**TASK REQUIREMENTS**
The whole listing that follows is to be restated word for word, images excluded.

**GIVEN INFORMATION**
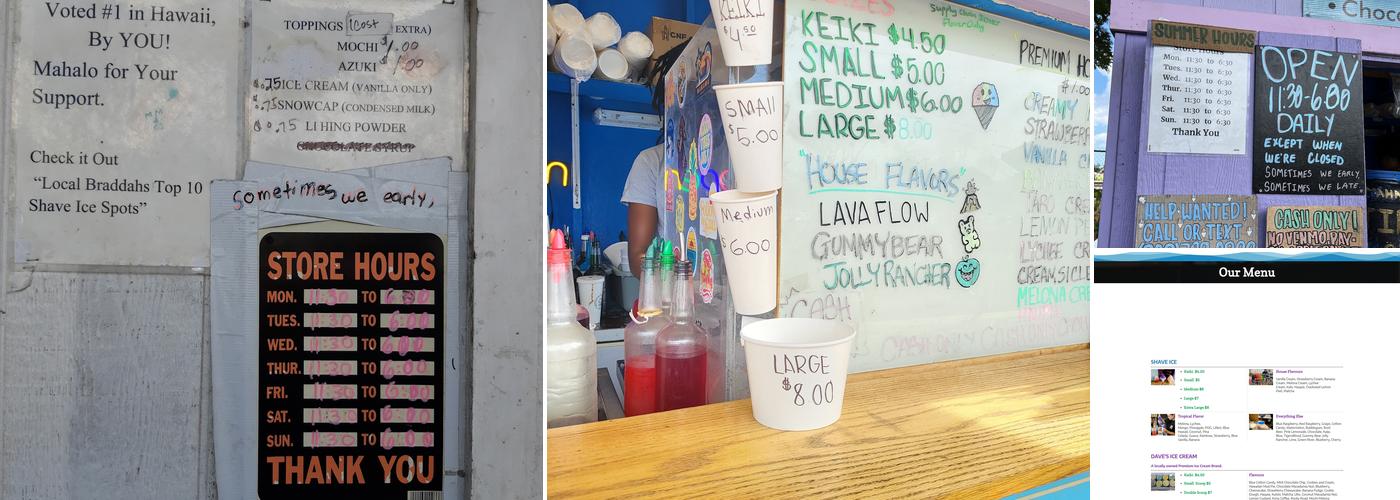 Mountain Magic Shave Ice Menu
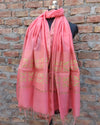 Chanderi Silk Dupatta Pastel Pink Color Applique Work - IndieHaat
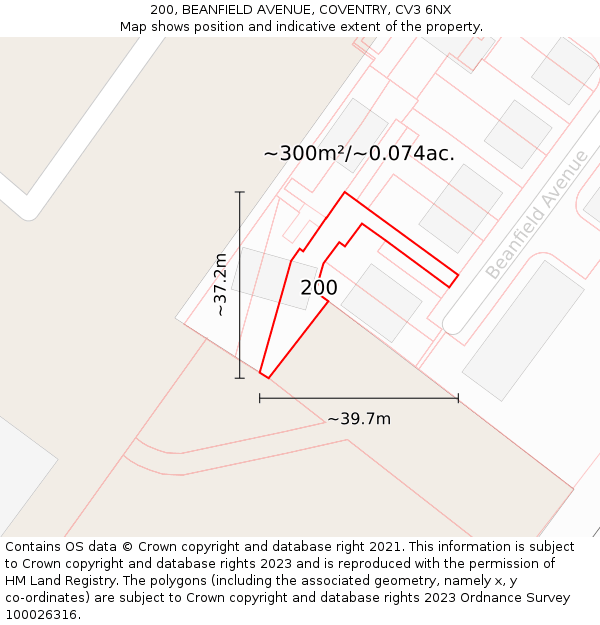 200, BEANFIELD AVENUE, COVENTRY, CV3 6NX: Plot and title map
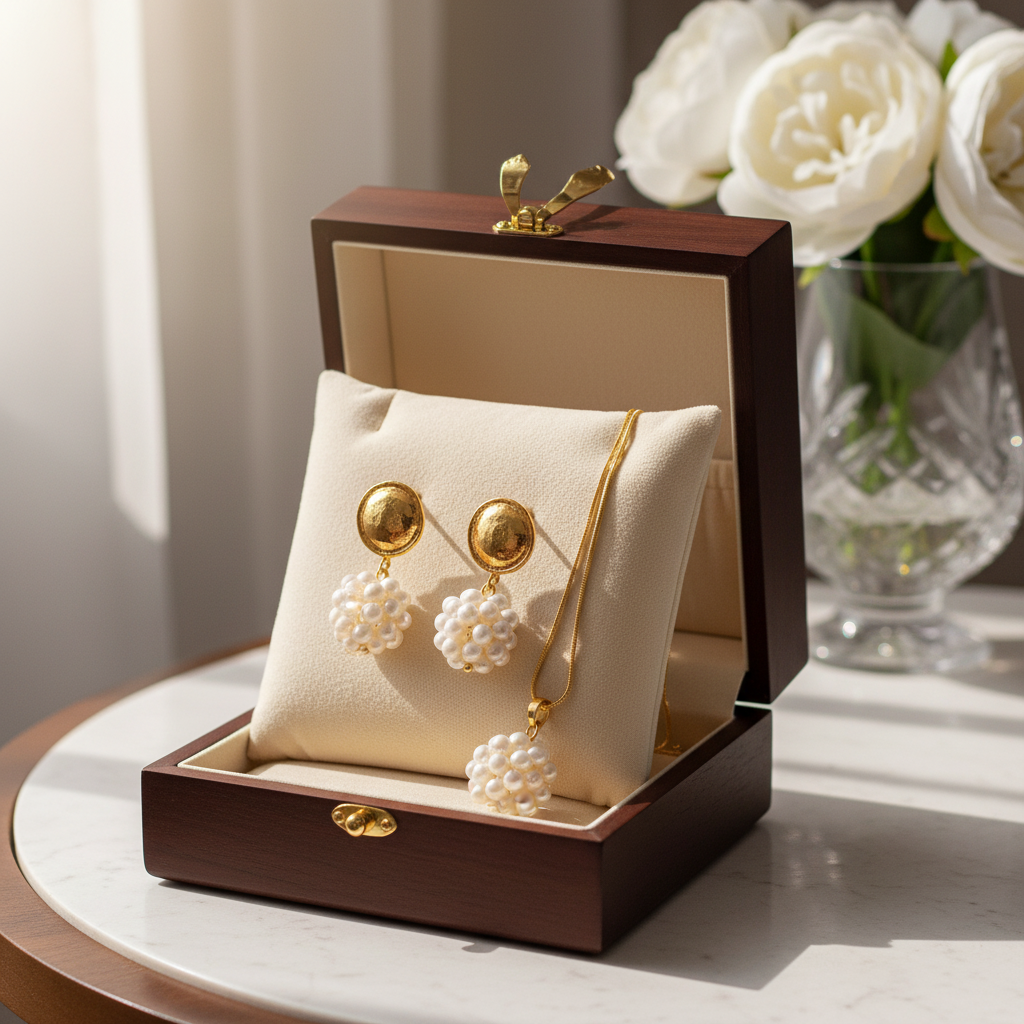 Pearl Cluster Jewelry Set - 18K Gold Plated Elegance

**EXERCISE SOLUTION**
 Mountain Magic Shave Ice Menu
 Chanderi Silk Dupatta Pastel Pink Color Applique Work - IndieHaat
 200, BEANFIELD AVENUE, COVENTRY, CV3 6NX: Plot and title map
 Pearl Cluster Jewelry Set - 18K Gold Plated Elegance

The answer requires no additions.